What do you mean "average"?

It's not like there aren't many options.

Many people implicitly assume the median, when they say "50% of X are below average." This is probably because they assume that the distribution is symmetric around the arithmetic, or simple, mean, and therefore the mean equals the median. But why limit ourselves to the simple mean?

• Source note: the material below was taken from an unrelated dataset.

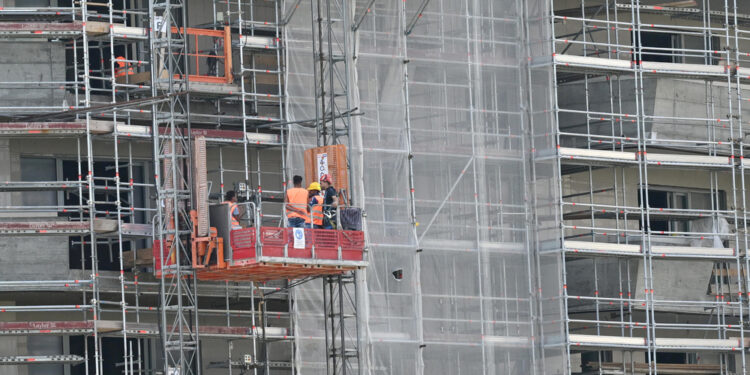 Controlli in più cantieri: 'lavori mai fatti'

The most common average is the simple mean:

$m =\frac{1}{N} \sum_{i=1}^{N} x_i,$

although one could use a quadratic, cubic, quartic, quintic, etc mean (for $k=2,3,4,5,\ldots$):

$m =\frac{1}{N}\left[ \sum_{i=1}^{N}  x_i ^k \right]^{1/k}.$

Or maybe something more esoteric, like a geometric mean:

$m =\left[ \prod_{i=1}^{N}  x_i \right]^{1/N},$

or the harmonic mean

 $m= \frac{N}{ \sum_{i=1}^{N}  \frac{1}{x_i}}.$

Strange as though they may seem, all of these have their uses and their problems. For example, europeans report automobile fuel consumption in liters/km, while americans report miles/gal, or with appropriate scaling to grown-up units, km/l. Because most people think better with linear means than harmonic means, the european representation leads to better understanding of fuel economy comparisons. The choice of the mean has to be appropriate to the problem (engineers will notice how RMS and MSE both use quadratic means). 

And this is before we even get to the problems with the $x_i$ that go into the average.